The Prof and the Pontiff

While millions of visitors travel to Rome each year, very few have business within the walls of Vatican City—and only a tiny fraction of these individuals end their day sleeping inside the world's smallest independent state at the "Vatican hotel." We recently heard about two who did, and we wanted to know more.

Their adventure started out like a scene from a Dan Brown novel: whisked from the bustling Rome airport in a black, chauffeur-driven car, the university neuroscientist and his wife, a retired videographer, approach the heavily guarded Vatican City checkpoint where the driver flashes credentials, gaining access to the walled sanctum. When the car roars off (taking with it the Da Vinci Code melodrama), it leaves the couple at the doorstep of Domus Sanctae Marthae (Saint Martha's House), a stately hotel of about 130 rooms best known as the temporary residence for members of the College of Cardinals when the group convenes to elect a new pope (as it imminently will, following Benedict XVI's recent resignation).
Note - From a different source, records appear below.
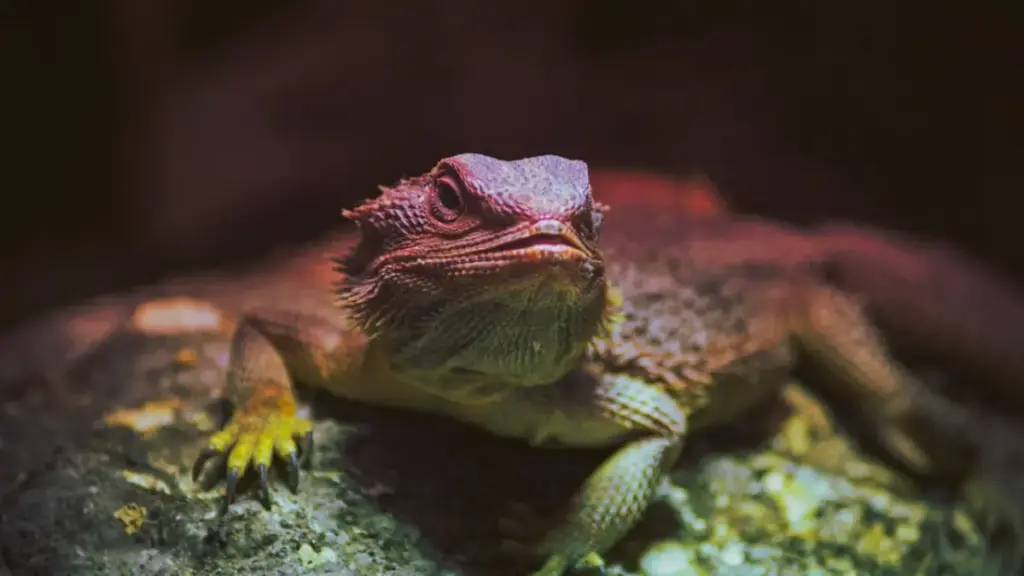 environmental-data-sheet-analyzing-causes-of-failed-bearded-dragon-breeding-eggs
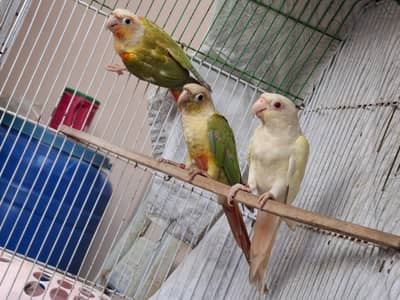 cremino/lutino conure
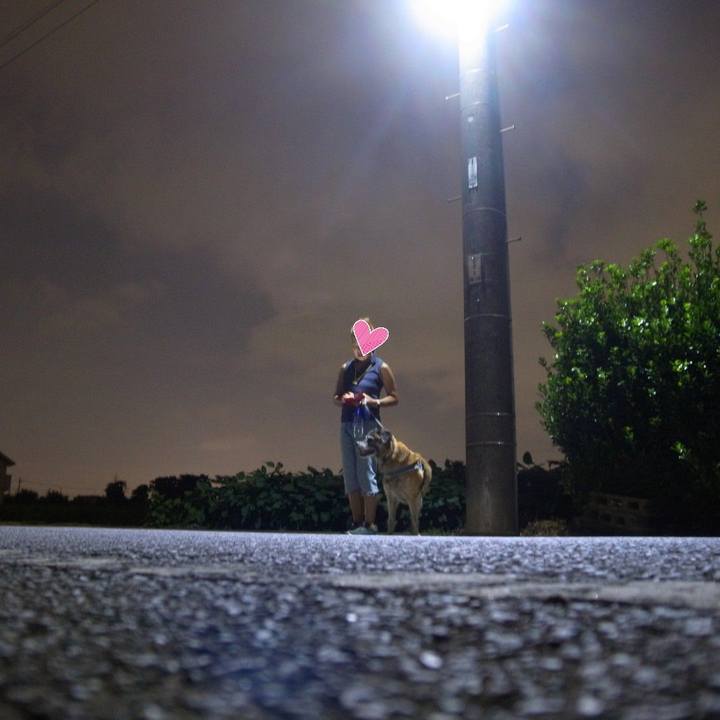 78fe43fd 8af5 4a82 8a0a a705caced5cb 1611361419311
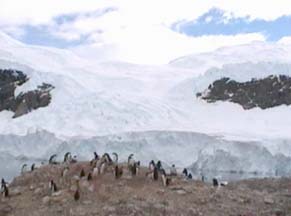 Gentoo Penguins at Andvord Bay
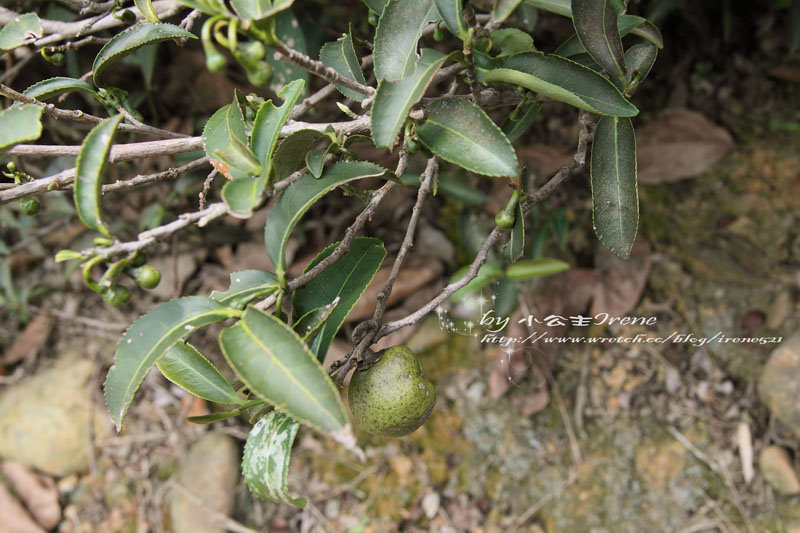 【桃園龍潭鄉】北茶之旅三水茗園‧與茶葉的近距離接觸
The hotel is a stone's throw due south from the left transept of Saint Peter's Basilica, a site of singular importance to the world's billion-plus Catholics.
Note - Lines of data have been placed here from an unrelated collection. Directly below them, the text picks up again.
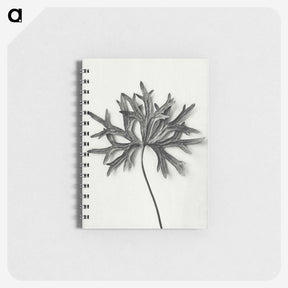 1-28_Karl-Blossfeldt_memo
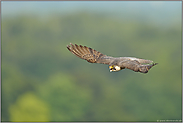 hoch über'm Wald... Wanderfalke *Falco peregrinus*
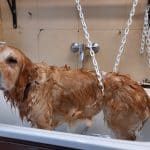 Canuber – Guardería Canina en Valladolid
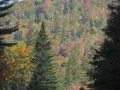 DSCN6777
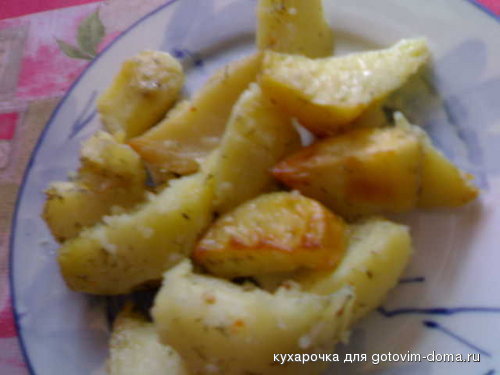 картофель.jpg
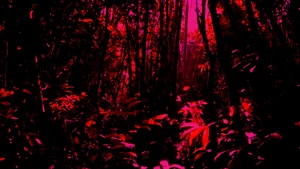 The greenhouse effect img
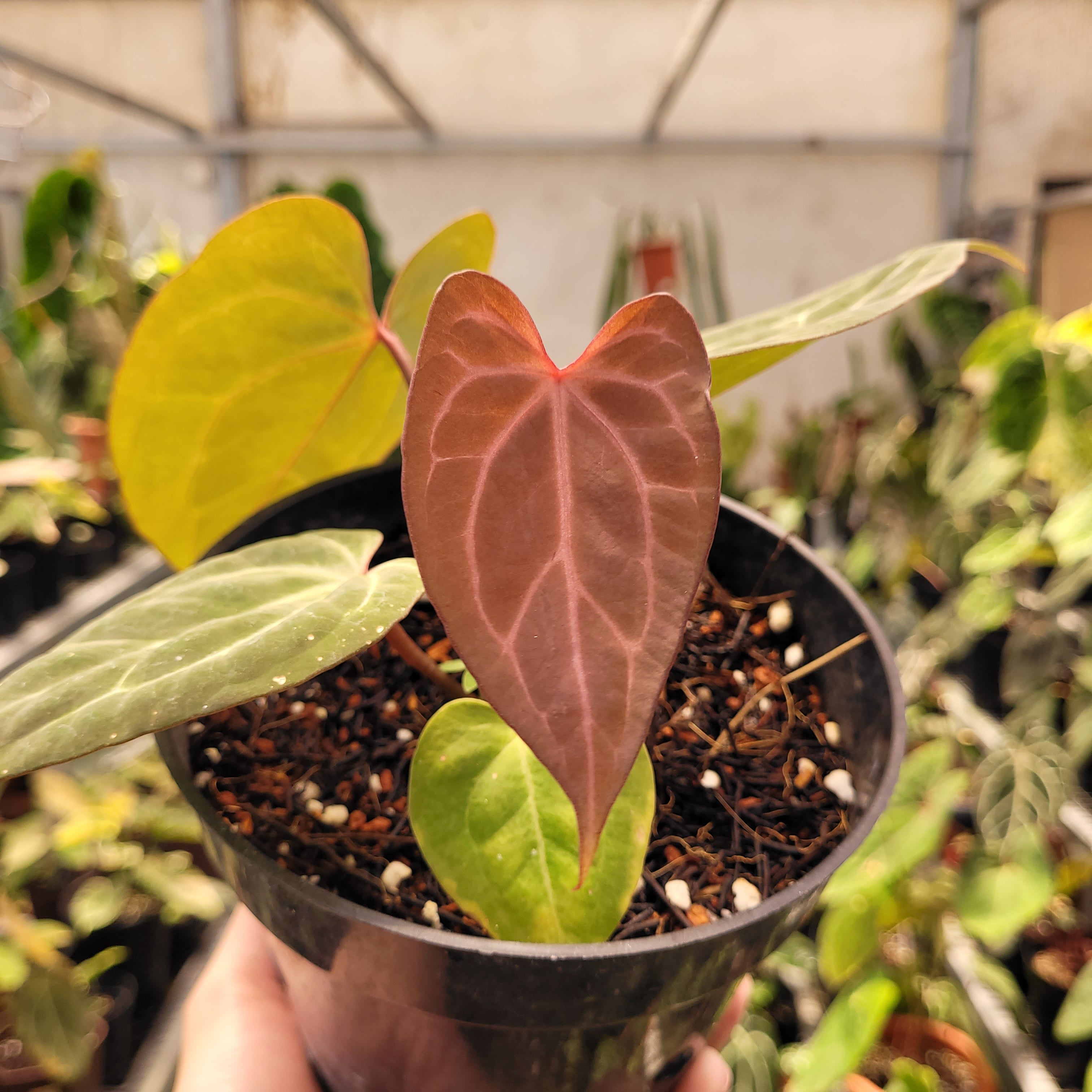 Anthurium Black Velvet Indonesia Type x (Zara x Michelle)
"The hotel was very large, lightly staffed, and a remarkably low-key place," says Sharon Posner. "It seemed to be run primarily for internal Vatican needs—housing attendees at meetings, traveling scholars and clerics, that sort of thing." During her four-night stay she met a woman doing research for a Catholic magazine and chatted with a visiting professor.

"The rooms were very understated, with beautiful wood floors and lots of mahogany," she says. "I had a TV—not flat screen. The bathrooms were all marble and very nice. There was a simple cross over the bed." Her husband, Mike Posner, a UO professor emeritus of psychology, recalls an unusual feature of the hotel: all its rooms are singles—the long-married couple found themselves in separate quarters talking with one another over the telephone.

A professional meeting in Mike Posner's field brought the couple to the Vatican. It would be very different from the typical academic gathering, held not in some modern SheratonHiltonHyatt conference center, but in an architecturally striking building originally constructed in 1561 as a summer residence for Pope Pius IV and now serving as home to the Pontifical Academy of Sciences (PAS).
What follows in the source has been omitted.